Yeah, that's more like it.
Tess cried out a few minutes after I had tucked her in for the night. We are serious about bedtime around here, and usually I have no problem responding with all business. After all, it was the first time the house had been quiet since six o'clock this morning. But tonight was different for some reason. Her tiny voice called my name, and before I knew it, I was laying in bed beside her.
My heart wasn't in that compassionate place at first. There were dishes to clear from the kitchen sink, and surely a load or two of laundry to fold. And a ten year old boy would need tucked in soon, after his bonus reading minutes had expired. I had computer work to do, and a list forming in my mind of the rest of the week's events. This was supposed to be my time; the first efficient time in my day.
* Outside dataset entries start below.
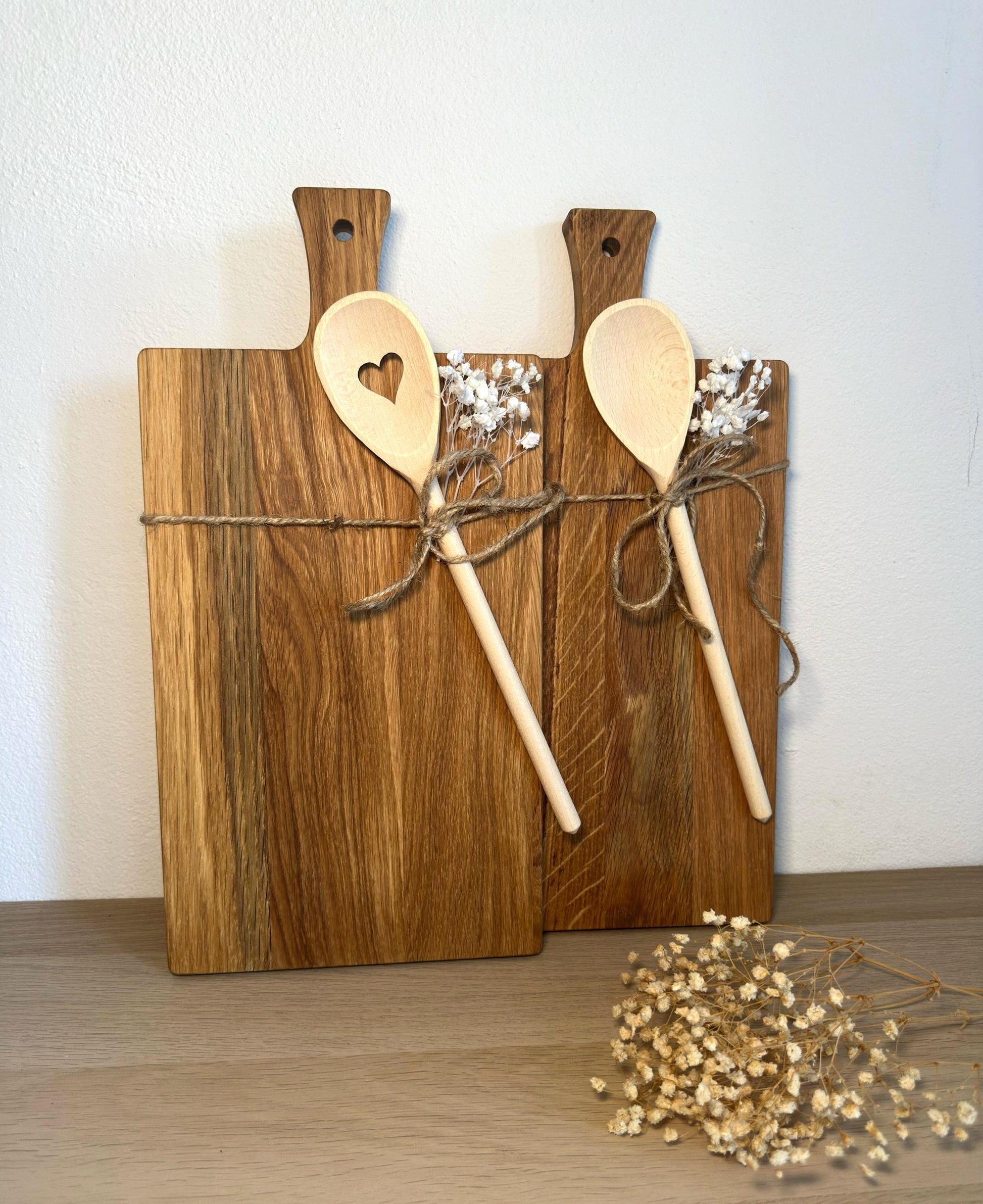 Personalisiertes Schneidebrett Eiche mit Griff & Kochlöffel | Geschenk Hochzeit, Einzug, Pärchen | Gravur „Gemeinsam Kochen Leben Glücklich“
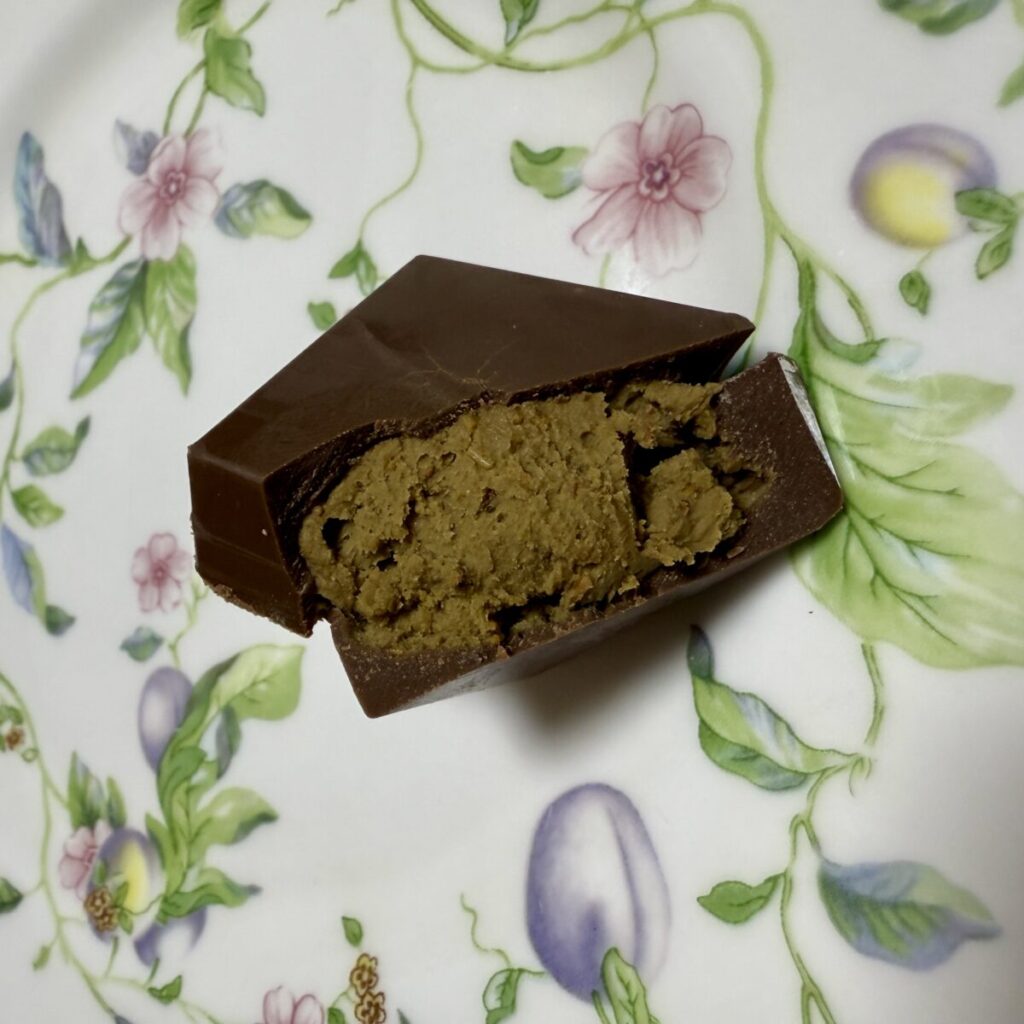 CHOCOVIA ドバイ ピスタチオ チョコ 450gを割ったところを撮った画像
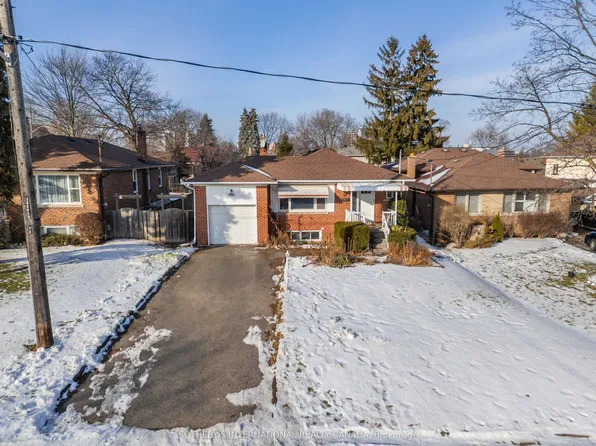4 Riverlea Dr, Toronto, ON M9P 2H1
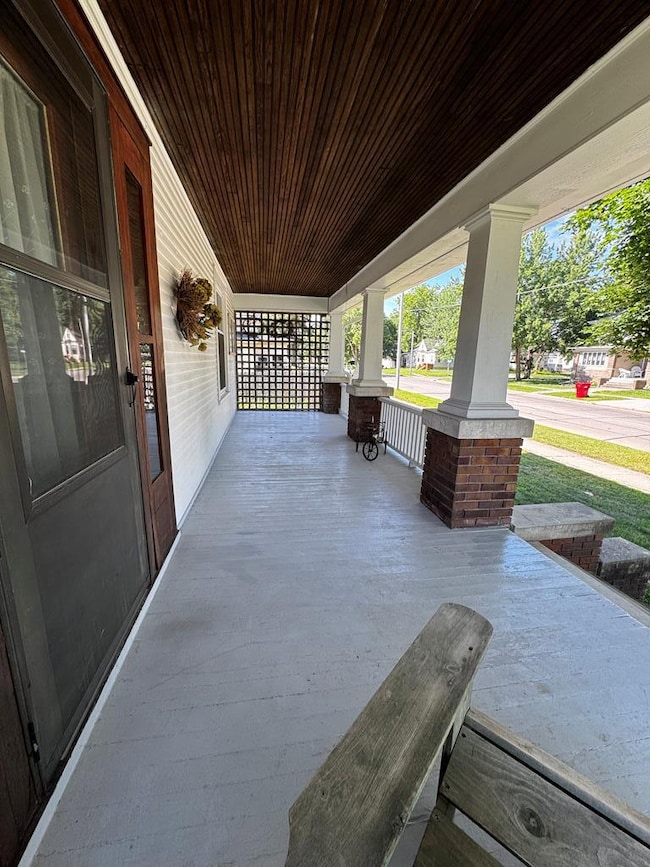 1314 Des Moines St, Webster City, IA 50595 - photo 2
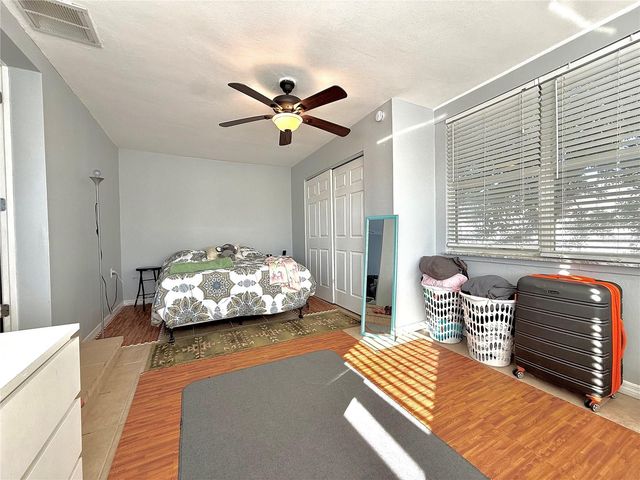 433 86TH AVENUE N, St Petersburg, FL 33702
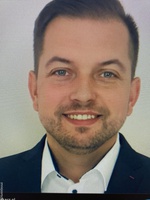 lekarz Marcin Makiewicz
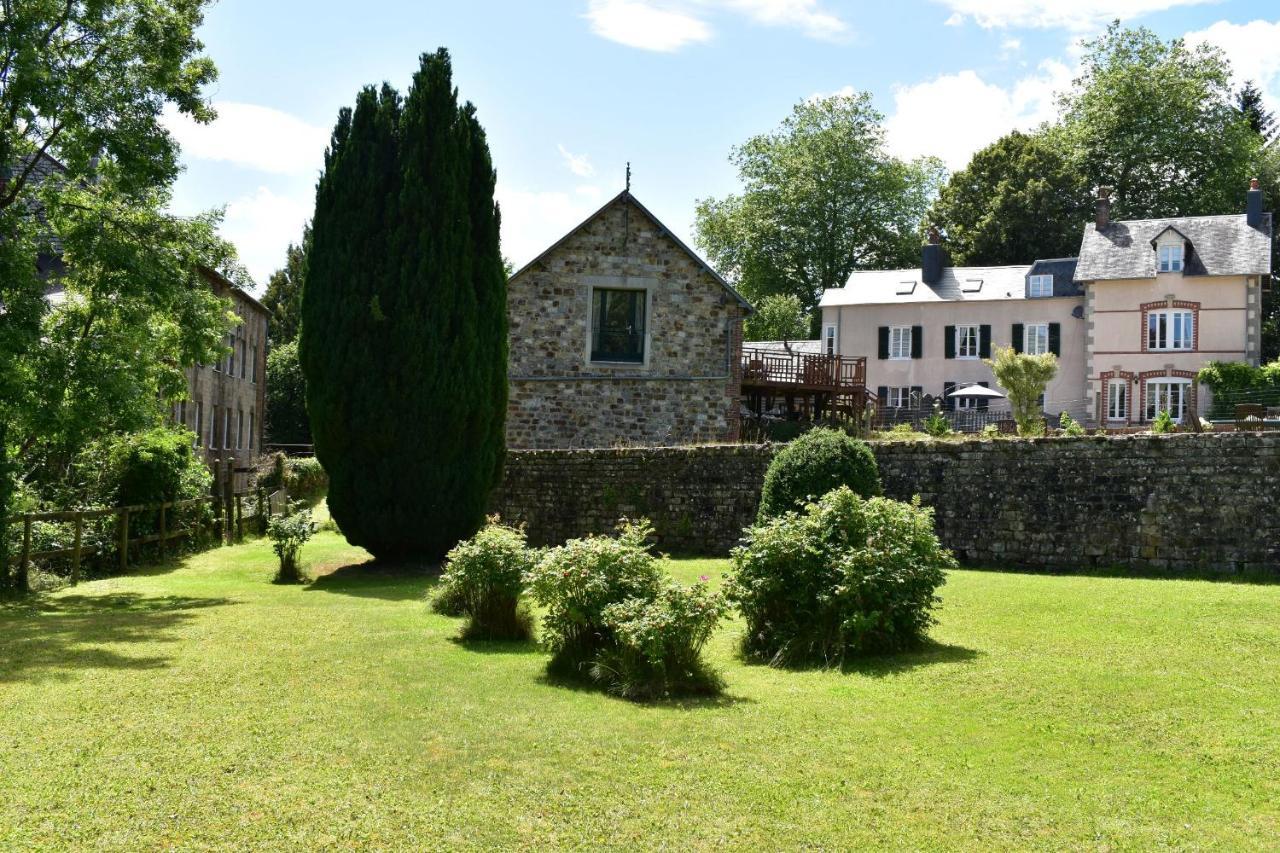 Gites In Le Neufbourg -Mortain المظهر الخارجي الصورة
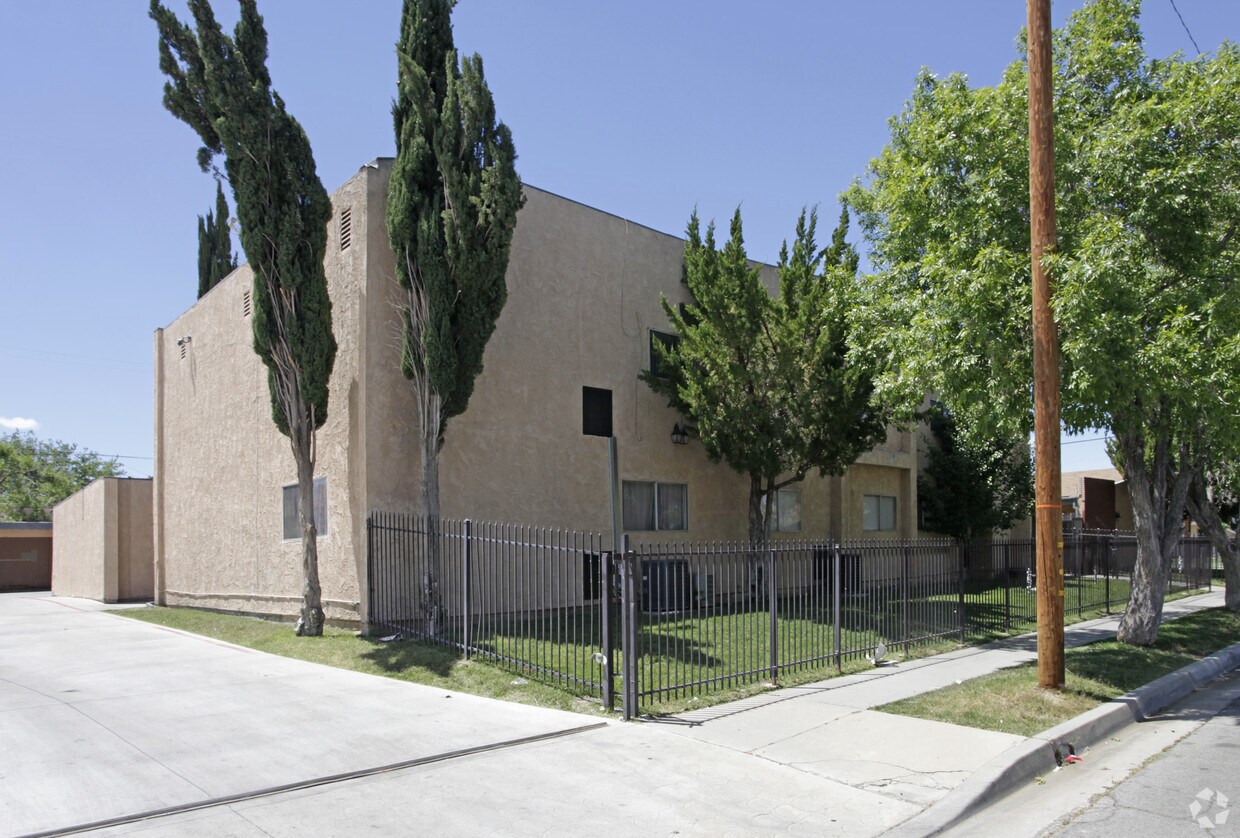 Foto del edificio - 38563 Larkin Ave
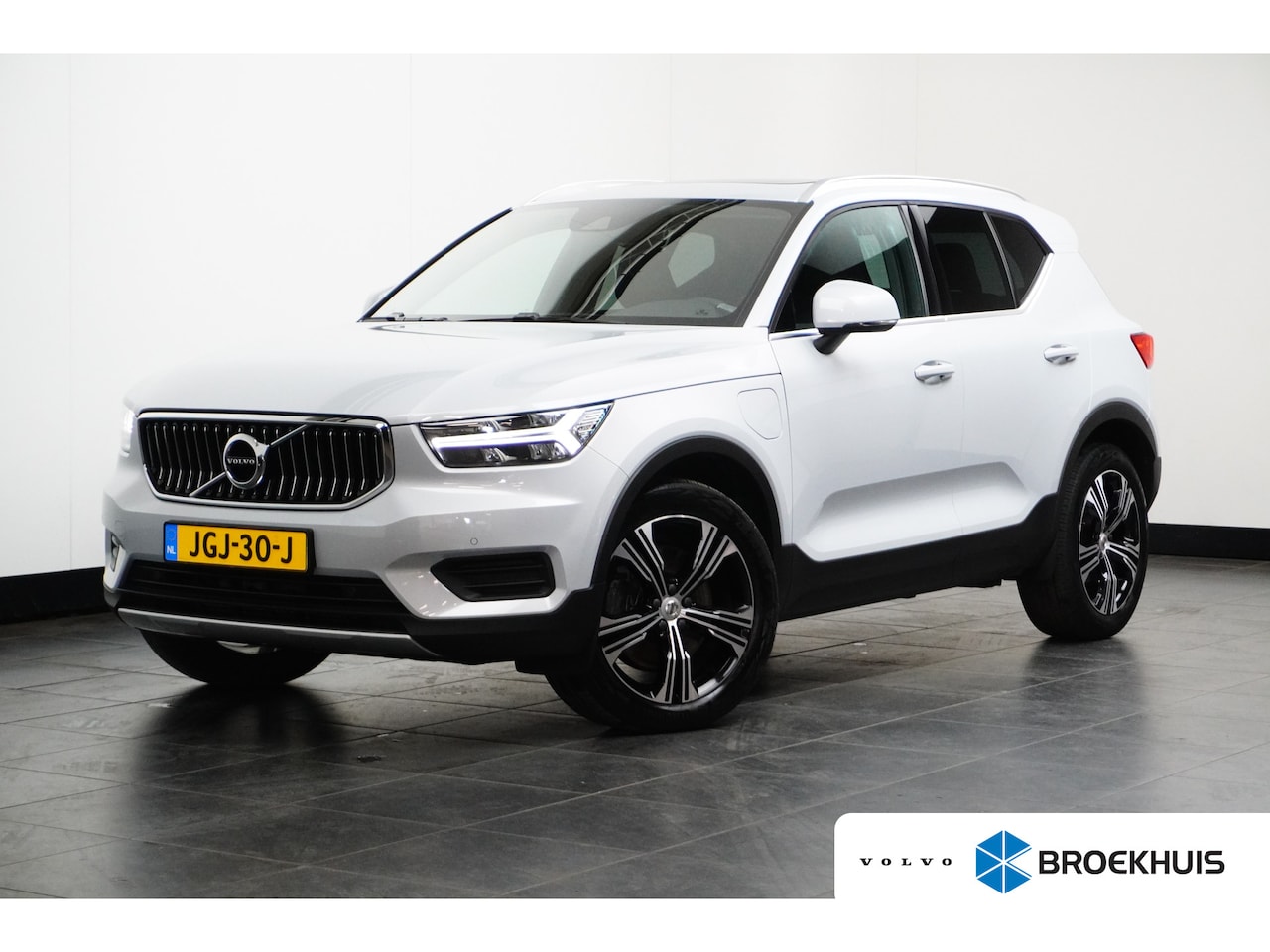Volvo XC40 - 1.5 T5 Recharge Inscription | Pano | Trekhaak | Pilot Assist | Achterbank verwarmd | Leder - AutoWereld.nl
She snuggled up so close that I could feel her nose-breath hitting my face, and it almost made me giggle. Just when I thought she was asleep, she kissed me on my lips, and I could feel the shape of hers smile. Her right hand was smack in the middle of my left cheek, pressing down like a paperweight, ensuring that I wasn't going to sneak out unnoticed anytime soon.
And then I snuggled in too. This time wrapping my arms around her, instead of hoping for a quick escape. I told her that I loved her very much, and she said thank you very much.
And I realized that sixteen will be here before I know it.